Here, I’ve put together a few tips for ordering “vegan” when dining out.
Indian cuisine has extensive veggie offerings. There are even strictly vegetarian Indian restaurants around. Try ordering samosa, pakora and masala dhosa or rice dishes with daal (lentils), potatoes, okra, eggplant and more. Vegans, watch out for the words PANEER (cheese), RAITA (yogurt sauce) and GHEE (a clarified butter made from cow’s milk). Everything else is all good!
You can pretty much count on Asian restaurants to have vegetable dishes, and you can even find bean curd (tofu) as well. In Atlanta, try GreenSprout‘s completely veggie menu (they’ll even omit eggs upon request).
The same goes for Japanese cuisine. I go to RuSans (not as much as my daughter, but that’s a different story.) Order the Inari Maki -a roll filled with tofu, and vegetable tempura maki – a rolled filled with different veggies like asparagus, onion, zucchini and carrot that are deep fried. Don’t forget a side of seaweed salad 🙂
Southeast Asian cuisine (Thailand/Malaysia), in my opinion, is the “southern food” of Asia! I could go on and on about the combinations of flavors and ingredients. In ATL, try PENANG Malaysian restaurant and order the Satay Tofu w-peanut sauce. On menus where they offer CHOW FUN (wide, flat rice noodle) dishes with beef, just ask to replace the meat with tofu or vegetables.
At Thai restaurants, you can bet your bottom dollar that there’s a coconut soup. It’s sometimes offered with chicken; just ask to omit it. However, do check to see if the soup is made with chicken broth (a TOTAL dealbreaker). There will almost always be vegetable spring rolls, fresh rolls – fresh raw veggies swathed in rice paper wrappers- and papaya salad (often prepared with fish sauce and shrimp paste, but again, just ask them to omit it).
Comida de Mexicana es muy delicioso tambien! Funny, I gauge how good the food is at Mexican restaurants by how much I like their chips & salsa (my guilty addiction). My top ATL choice is Nuevo Laredo Cantina. They even have a dedicated “vegetariano” section on the menu. Try ordering the BURRITO FRIJOLE sin queso y crema (cheese & sour cream) to “veganize” it. It comes served with the most flavorful rice w-tomato sauce on top. Some Mexican restaurants prepare their beans with lard (pork fat) so be sure to ask!

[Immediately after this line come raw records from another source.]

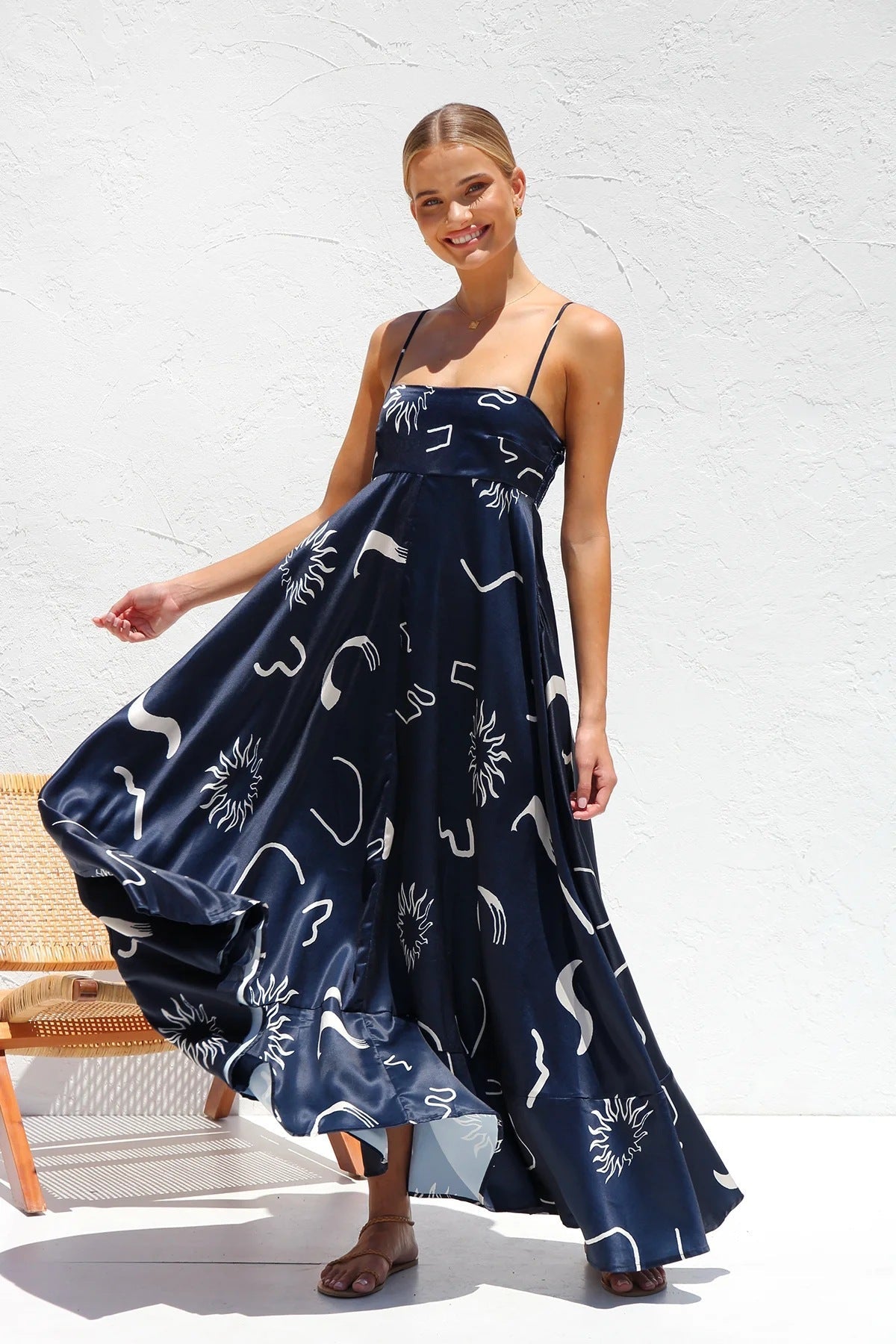 Sixtine — Robe Chic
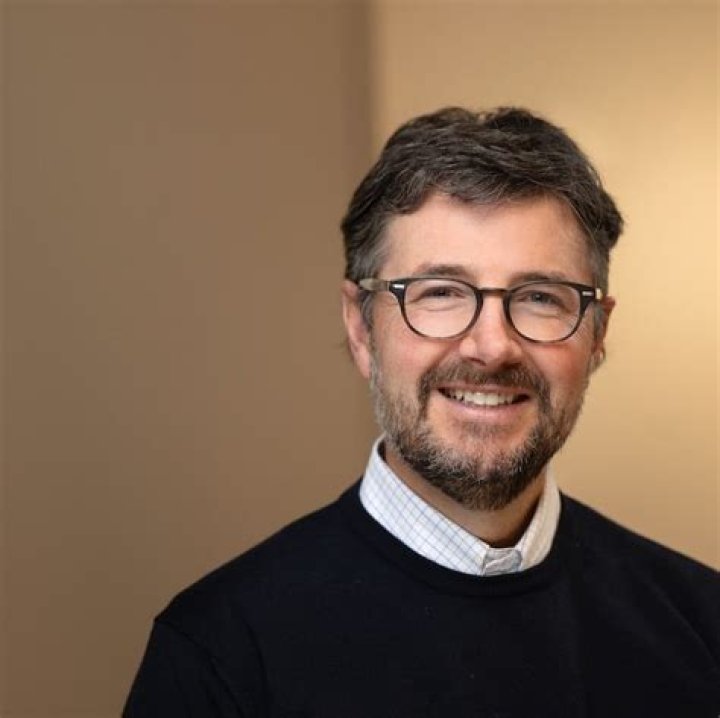 Dr. James Parker, MD – Macon, GA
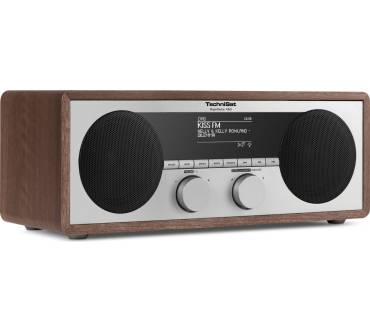 Produktbild TechniSat DigitRadio 450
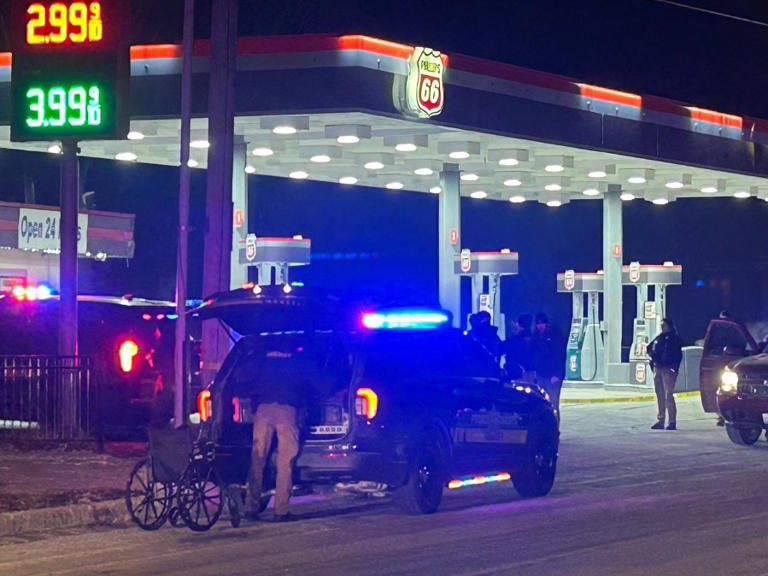 Update: Man arrested on attempted murder charge after shooting Peoria ...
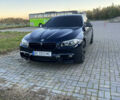 БМВ 5 Серия, объемом двигателя 3 л и пробегом 200 тыс. км за 13800 $, фото 1 на Automoto.ua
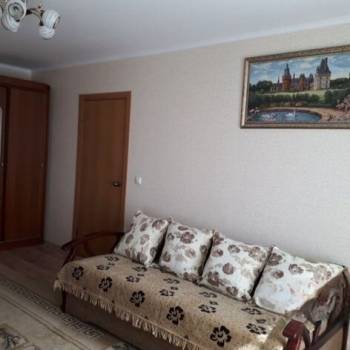 Сдается 1-комнатная квартира, 37,8 м²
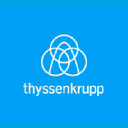 thyssenkrupp Materials NA logo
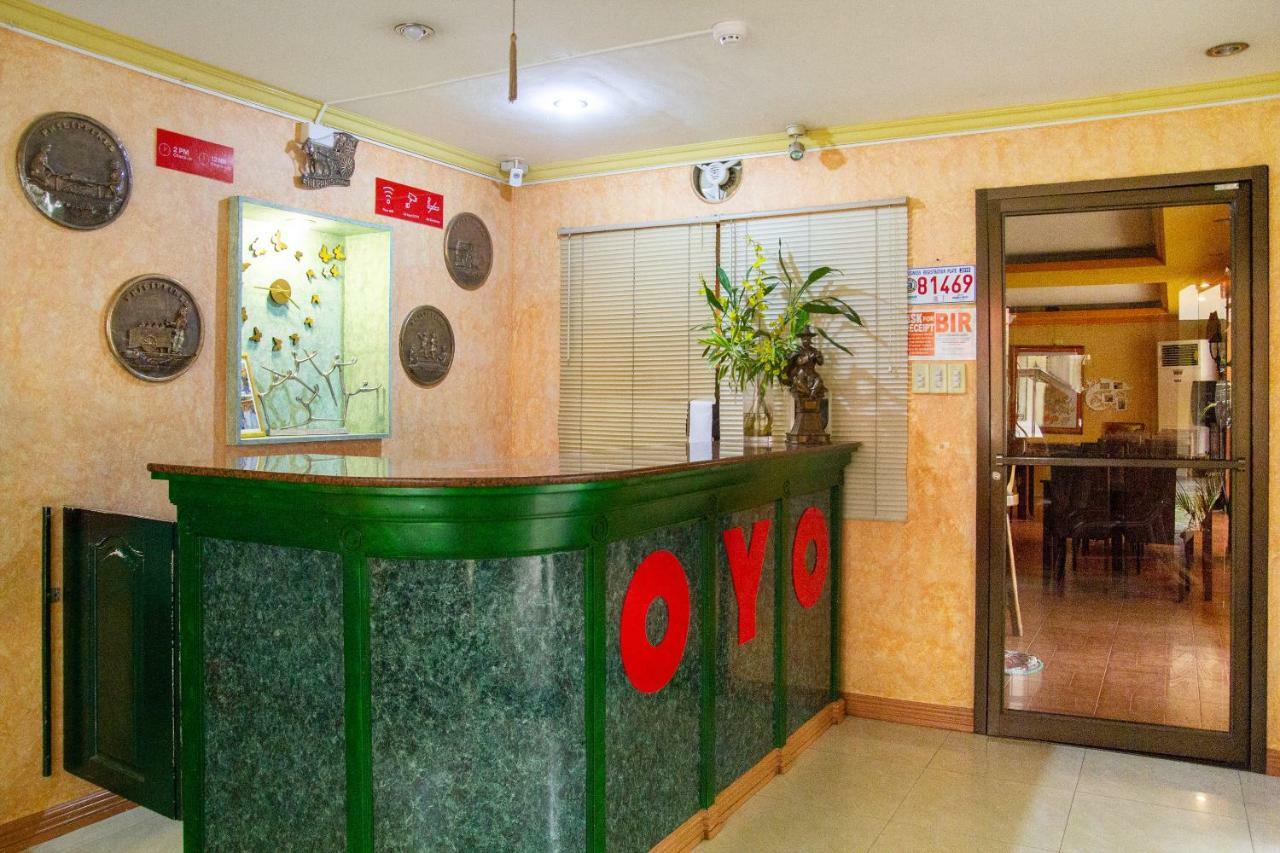 Golden Belle Apartelle And Suites Davao City Buitenkant foto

***East Africa/Middle East***
There are also some unique dining experiences you can have in Ethiopian and Middle Eastern restaurants.
Ethiopian restaurants always offer a veggie combo which consists of various lentils (wots), stewed greens (alicha), cabbage and potatoes and a salad of jalapeno, lettuce, onion and tomato. This is all served on a plate of injera (traditional Ethiopian flatbread). Take a friend or 4, as dining is communal. You eat from a big plate placed in the middle of the table with your HANDS! Make sure you use the right hand, as the left is deemed for less sanitary purposes :-/. It’s inexpensive, filling, and super-tasty! Don’t hesitate to dig into the injera plate after eating the veggies on top. A personal favorite is California Mart Ethiopian in ATL.

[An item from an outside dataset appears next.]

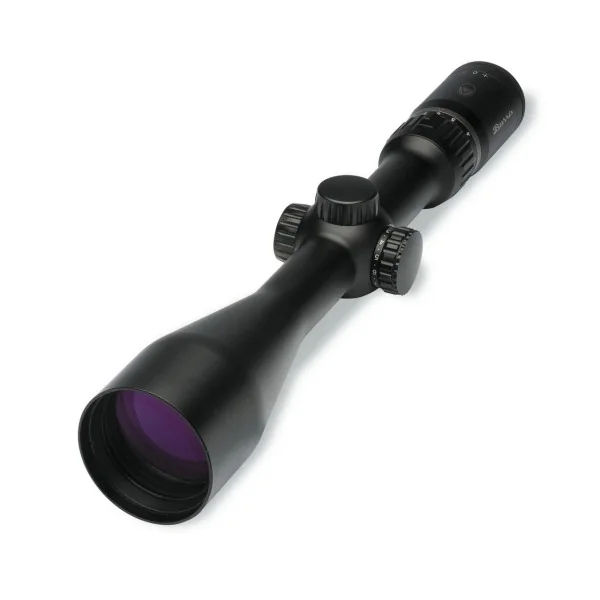 Burris LUNETTE FOUR X E 3-12X56MM LUMINEUX RETICULE 3P4 DIAMETRE30 200504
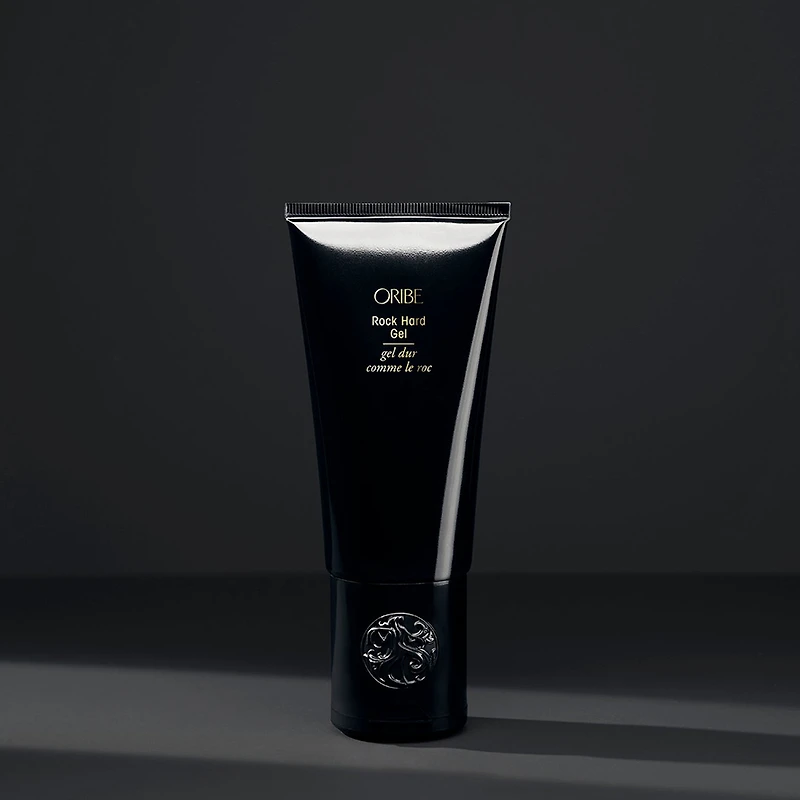 Signature | Rock Hard Gel 100ml (3.4 oz)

Common and popular dishes in Middle Eastern culture—like falafel (chickpea patty), tahini (sesame sauce), tabbouleh (bulgur salad), and hummus are naturally VEGAN! No “tweaking” necessary. Other tasty options that are usually vegan are dolmas (or stuffed grape leaves) and lentil soup. I enjoy Lawrence’s Cafe on Buford Highway.
Last, but certainly not least is vittles from the Caribbean. Caribbean cuisine is a fusion of African, Spanish, British, French, Indian and Chinese cuisine. Rice and peas (or peas and rice) is the mainstay across all the islands, with a variety of spices and sauces to accompany it. From Trinidad’s doubles, Jamaica’s ITAL options like roti (a thin split pea flatbread that encases curry stews) and callaloo(a Jamaican “spinach”, if you will), to Dominican Republic’s platano maduros (sweet plantains), dining at a Caribbean restaurant should be pain-free. Negril Caribbean Cafe in ATL is veggie/vegan-friendly, and has a mean bbq tofu platter w-rice & peas and veggies of your choice.
So there you have it. Ok, all this advice has gotten ME hungry 🙂 Gotta go…..Happy Eating!